**YOUR GOAL**
From the line below that contains "Image 2 : LG" to the line that contains "Ellsworth Hotel | Colonial Inn Ellsworth", repeat every line exactly, both ends included, and nothing else.

**EXERCISE INPUT**

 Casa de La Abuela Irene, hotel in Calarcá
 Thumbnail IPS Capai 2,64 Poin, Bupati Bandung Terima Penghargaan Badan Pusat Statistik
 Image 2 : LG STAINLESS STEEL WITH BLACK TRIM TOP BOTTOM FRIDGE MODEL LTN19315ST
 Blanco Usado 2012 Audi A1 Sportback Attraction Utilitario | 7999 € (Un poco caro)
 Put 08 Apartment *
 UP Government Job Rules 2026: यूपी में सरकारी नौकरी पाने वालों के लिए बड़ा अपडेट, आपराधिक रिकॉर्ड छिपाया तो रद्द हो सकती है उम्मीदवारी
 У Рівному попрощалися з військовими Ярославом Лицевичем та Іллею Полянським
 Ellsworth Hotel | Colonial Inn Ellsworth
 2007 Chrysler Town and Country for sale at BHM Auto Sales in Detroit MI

--

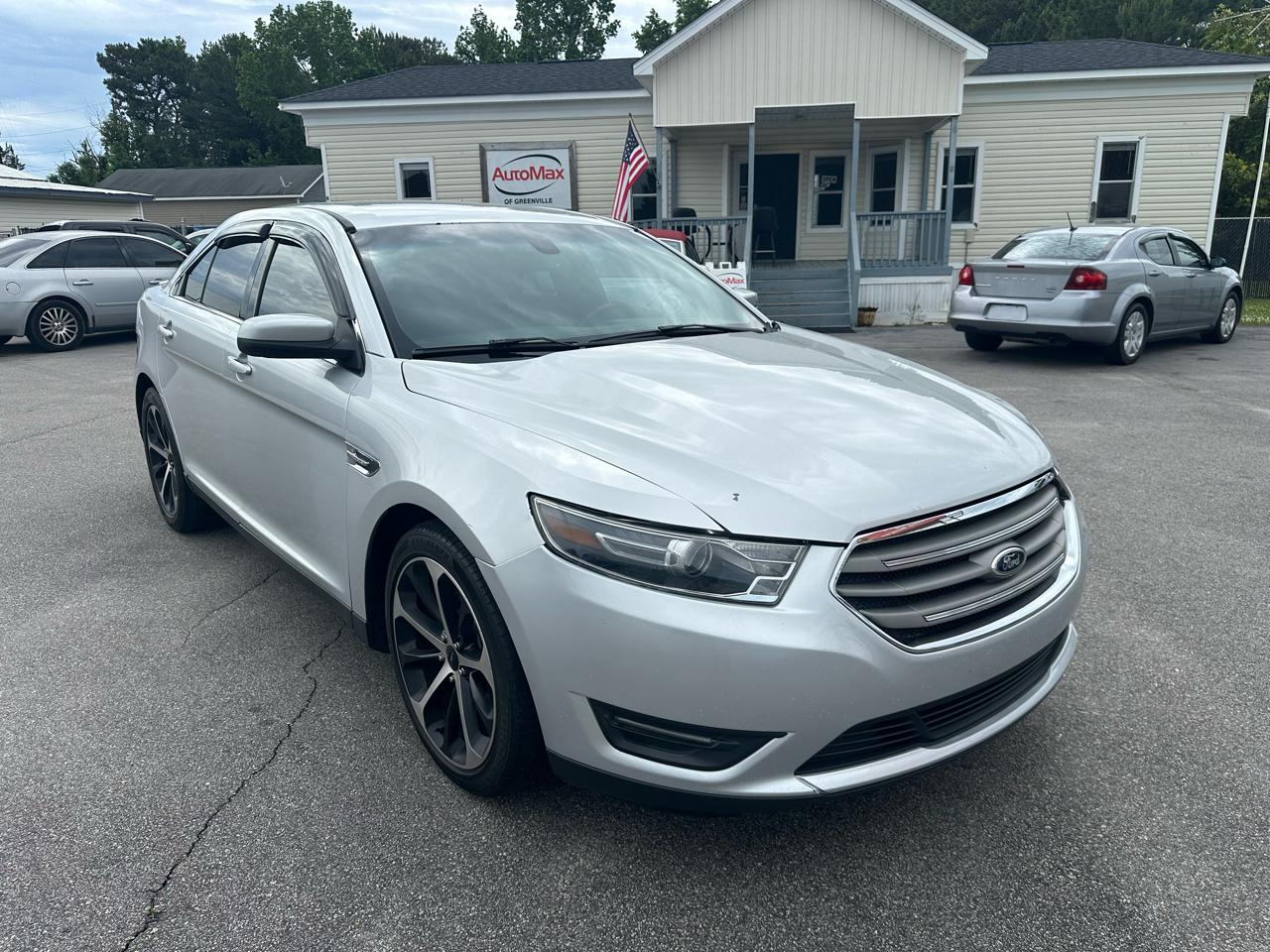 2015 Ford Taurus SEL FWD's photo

**SOLUTION TO THIS EXERCISE**
 Image 2 : LG STAINLESS STEEL WITH BLACK TRIM TOP BOTTOM FRIDGE MODEL LTN19315ST
 Blanco Usado 2012 Audi A1 Sportback Attraction Utilitario | 7999 € (Un poco caro)
 Put 08 Apartment *
 UP Government Job Rules 2026: यूपी में सरकारी नौकरी पाने वालों के लिए बड़ा अपडेट, आपराधिक रिकॉर्ड छिपाया तो रद्द हो सकती है उम्मीदवारी
 У Рівному попрощалися з військовими Ярославом Лицевичем та Іллею Полянським
 Ellsworth Hotel | Colonial Inn Ellsworth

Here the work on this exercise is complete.